- YOUR INSTRUCTIONS: Reproduce the records word for word, apart from the images they contain.

(Short web captions)
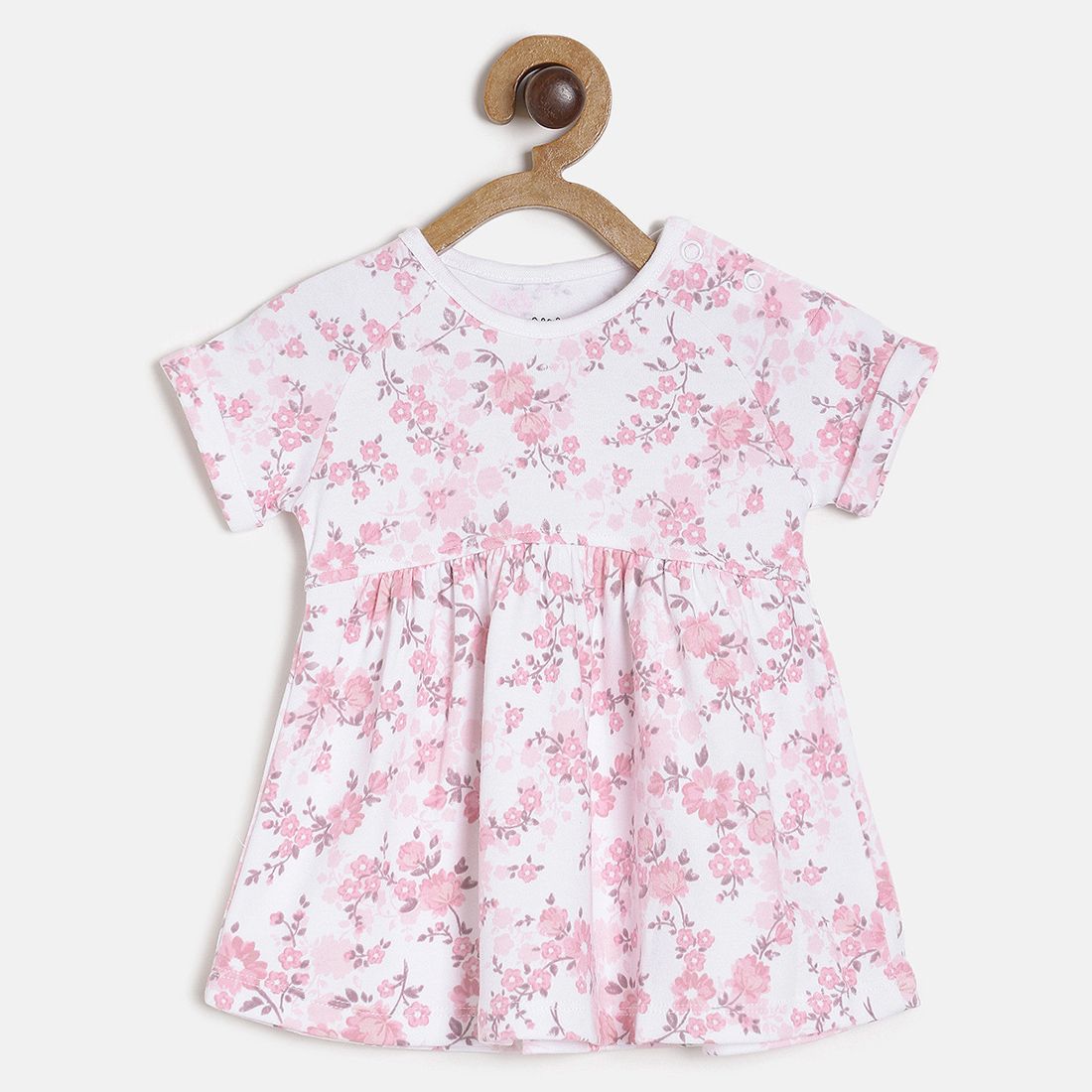Baby Girls White & Pink Floral Printed Cotton Dress Regular Fit Casual Baby Dress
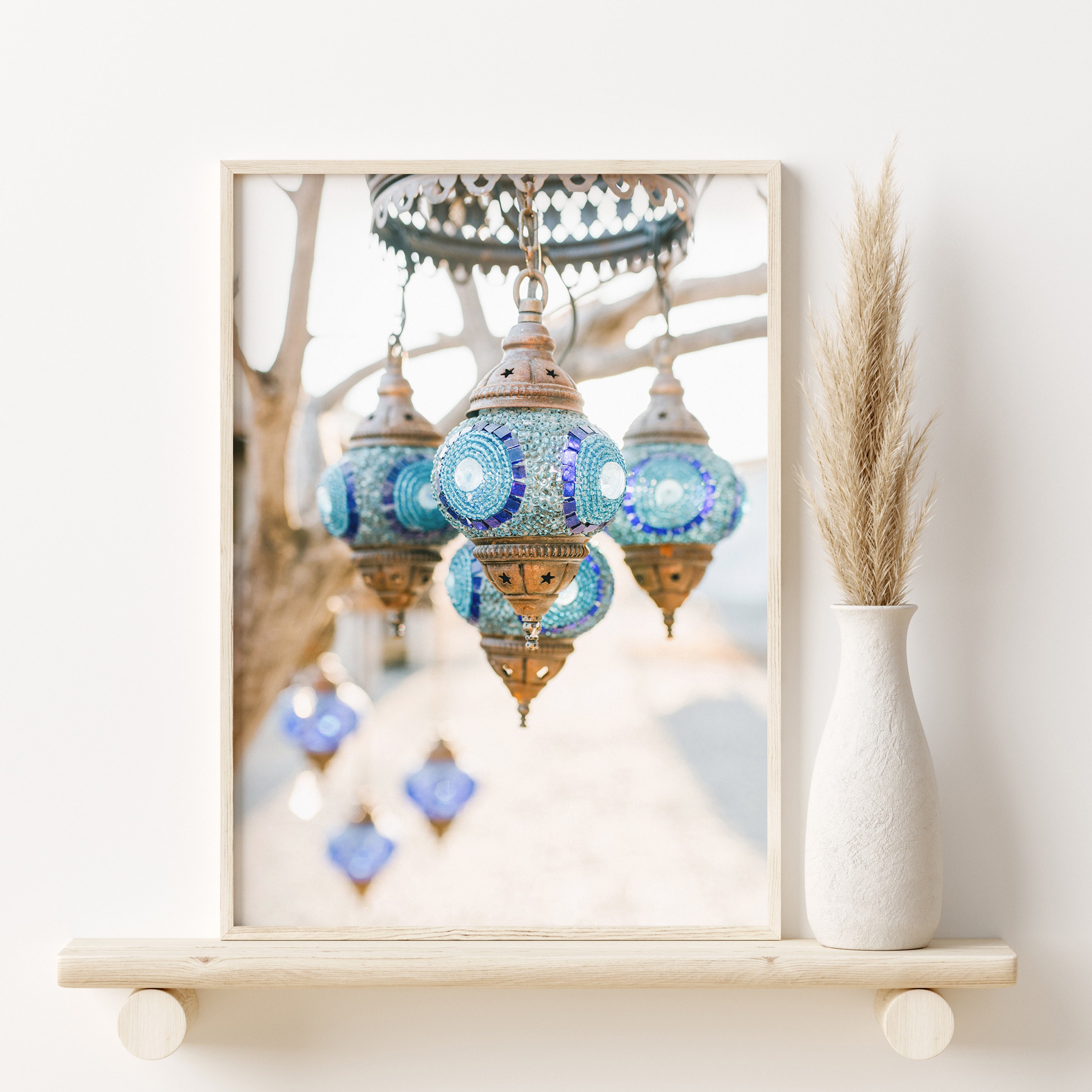 Blue Moroccan Coastal Set of 6 Prints, Beach Digital Art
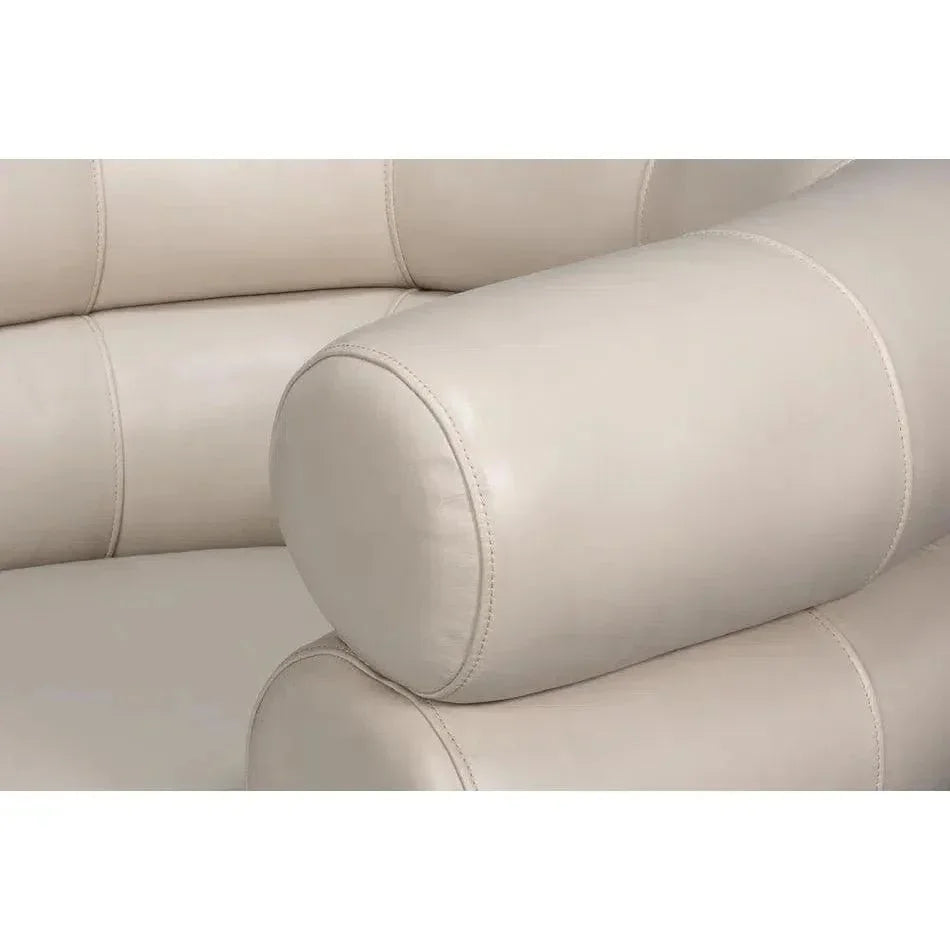 Rondo Leather White Armless Swivel Chair - LOOMLAN - Sarreid - Club Chairs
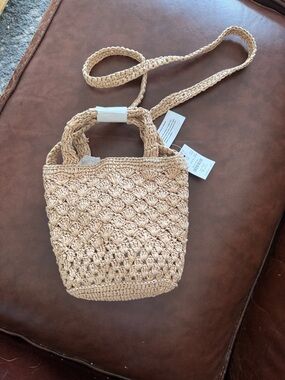 Jcrew factory Woven Beige Straw Crossbody Bag with Top Handle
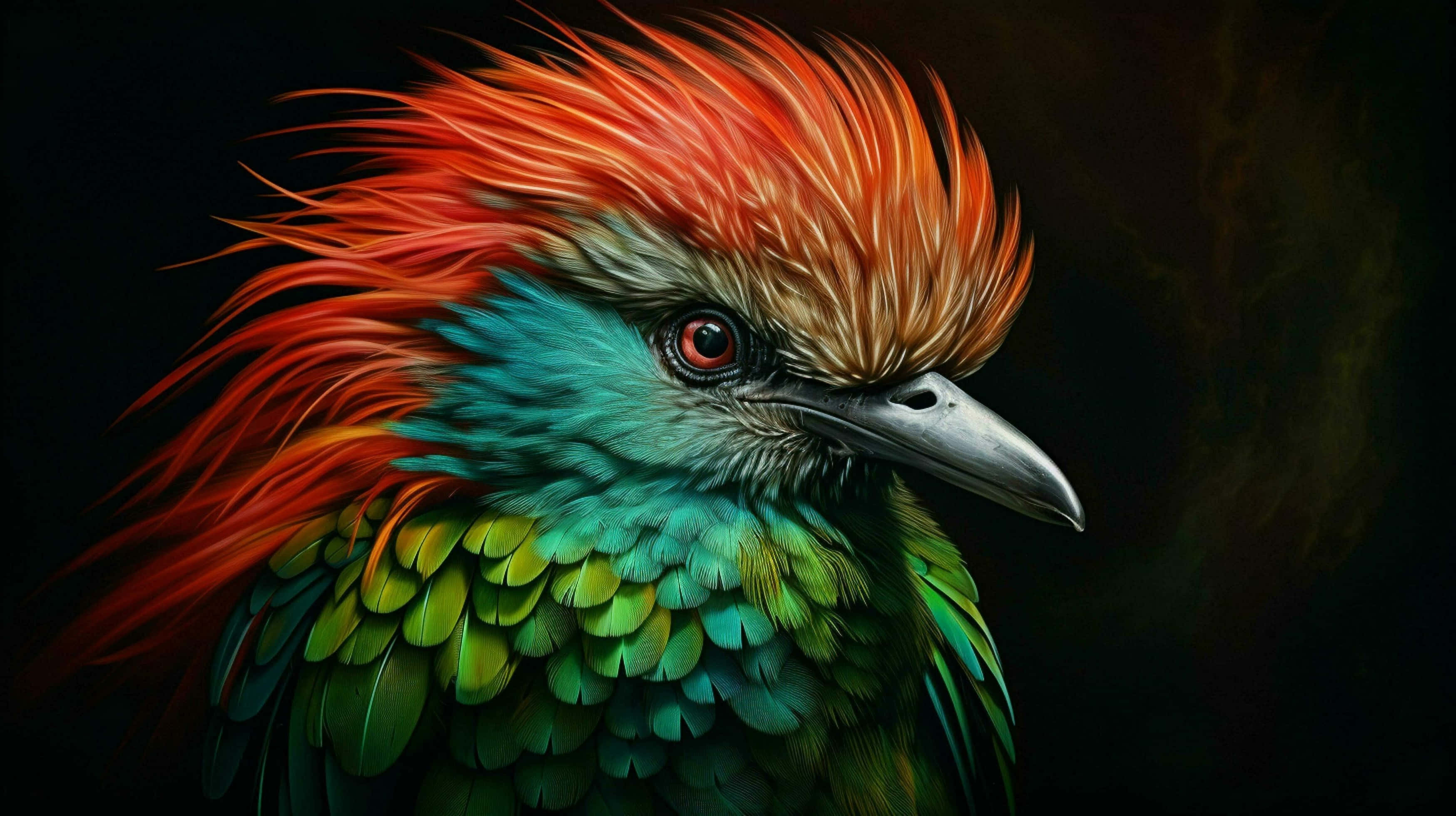 Vibrant Quetzal, fiery red crest, teal-green feathers, 2K Desktop Wallpaper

- EXERCISE RESULT:
Baby Girls White & Pink Floral Printed Cotton Dress Regular Fit Casual Baby Dress
 Blue Moroccan Coastal Set of 6 Prints, Beach Digital Art
 Rondo Leather White Armless Swivel Chair - LOOMLAN - Sarreid - Club Chairs
 Jcrew factory Woven Beige Straw Crossbody Bag with Top Handle
 Vibrant Quetzal, fiery red crest, teal-green feathers, 2K Desktop Wallpaper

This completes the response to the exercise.